The confusion deepened as different authorities issued conflicting orders. In 2020, the National Green Tribunal declared that even green crackers could not be used in areas where air quality was “poor or severe,” which included almost every major city. In 2023, the Supreme Court clarified that it had not imposed a universal ban, leaving state governments free to establish their own rules. And in 2025, the Court again relaxed the ban in Delhi-NCR, allowing limited sales and use during Diwali. Each year brought a new order, a new clarification, and the same polluted air.

The failure of this entire experiment is not scientific; it is political and institutional. It reflects a chronic flaw in India’s environmental governance — the absence of mechanisms that connect judicial pronouncements with administrative follow-through. Courts act as moral guardians, stepping in where the state fails, but without creating enforcement systems, their words remain symbolic. The Supreme Court’s ruling on firecrackers was never backed by a permanent monitoring body. There was no accountability framework for manufacturers or local governments. The implementation depended on vague instructions and voluntary compliance—a recipe for failure.

This is what political scientists call a “policy illusion.” It happens when institutions announce reforms that sound progressive but lack the structure to make them real. The illusion comforts the conscience of the ruling class and satisfies the moral expectations of the public, but nothing actually changes. Green crackers became the face of this illusion — a “green” label masking the same toxic reality.

Even scientifically, the notion of green crackers was more of a compromise than a solution. A 30 percent reduction in emissions might look good in a laboratory but means little when multiplied across millions of firecrackers in a city already drowning in smog.

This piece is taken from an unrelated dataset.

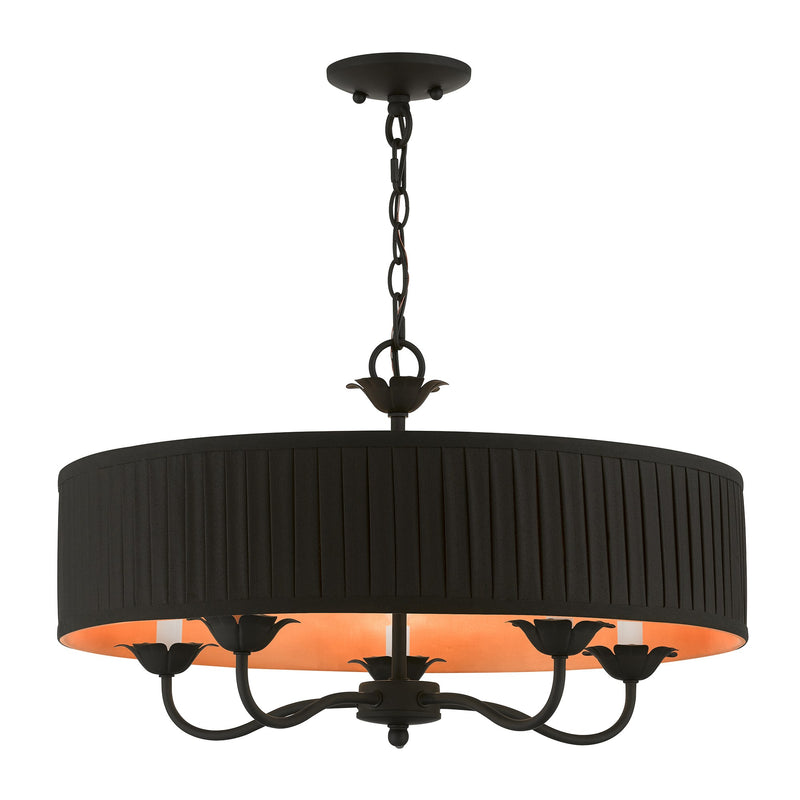 Harrington 5-Light Chandelier in Black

The manufacturing process remains hazardous, the workers are still exposed to chemicals, and the environmental gains are negligible. QR codes, the supposed mark of authenticity, are rarely verified by consumers. PESO’s testing mechanism is limited and stretched thin. In most cities, enforcement begins and ends with token police checks.

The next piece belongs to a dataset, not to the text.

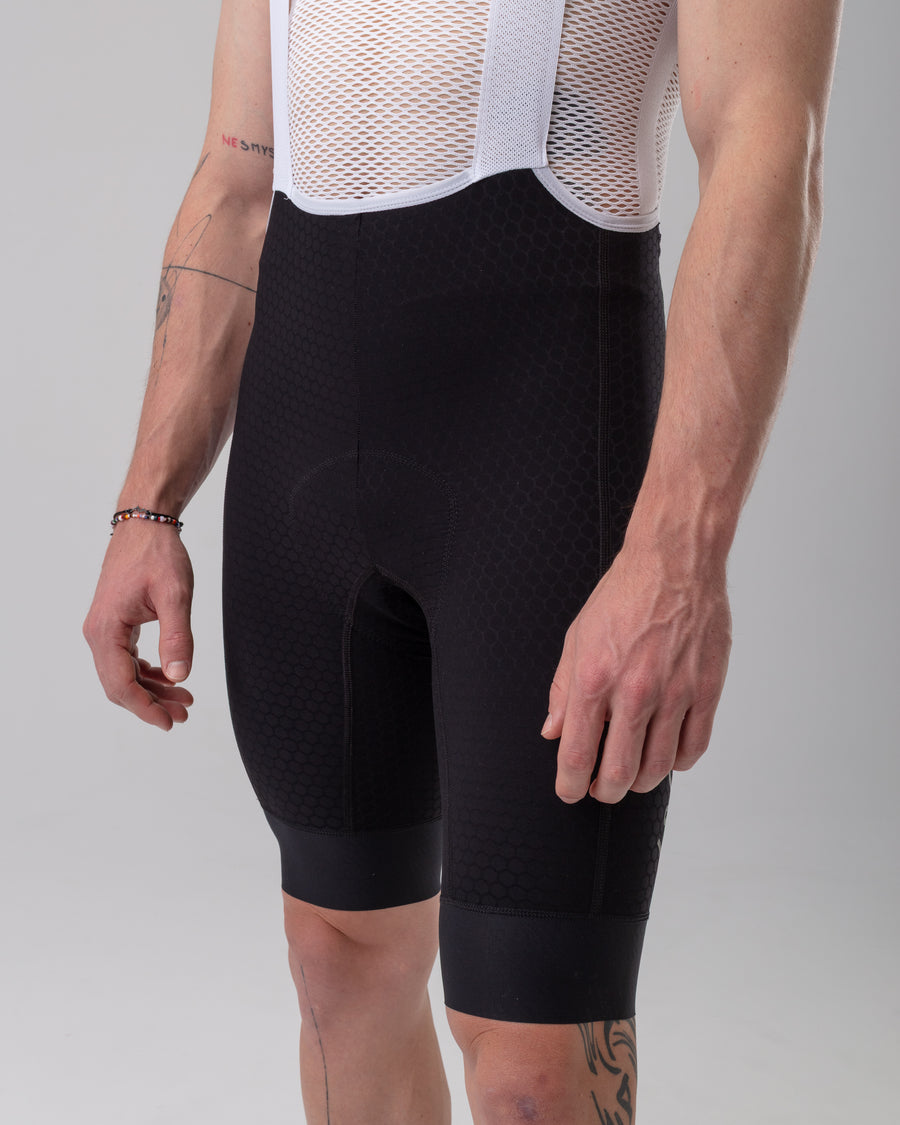 Isadore Echelon Aero Bib Shorts Trägerhose Black White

The tragedy is that a ruling meant to protect the right to clean air has ended up diluting it. Instead of holding institutions accountable for air management, the burden has been shifted to individuals. People are told to celebrate “responsibly,” as if public health were a matter of personal virtue rather than systemic failure. The state escapes responsibility by hiding behind slogans like “green crackers,” turning environmental justice into a moral choice rather than a legal duty.

This betrayal is not just environmental — it is constitutional. The same court that recognized the right to clean air did not ensure the means to secure it. The people who came seeking justice have been left with symbolic relief. The children who filed that 2015 petition are now in school, breathing the same smoky air that once endangered their lives as infants.

The larger question, therefore, is not whether green crackers pollute less, but whether our institutions are capable of delivering real environmental governance. Courts cannot replace governments, and science cannot fix what politics refuses to enforce. Without a system of accountability—real testing, transparent data, and empowered local bodies—even the most progressive rulings will remain words on paper.

In the end, the story of green crackers is the story of how justice, when detached from ground realities, loses its substance. A judgment meant to bring clean air instead brought confusion. A reform meant to unite science and tradition ended up pleasing neither. The smoke that rises every Diwali is not just from fireworks; it is from the burning of faith in our institutions.

When rulings are made without systems to sustain them, they do not illuminate—they only flicker and fade. The Supreme Court lit a match, but there was no hand to hold the flame steady. And so, what began as an act of justice dissolved into smoke—leaving the people once again gasping for air and for accountability.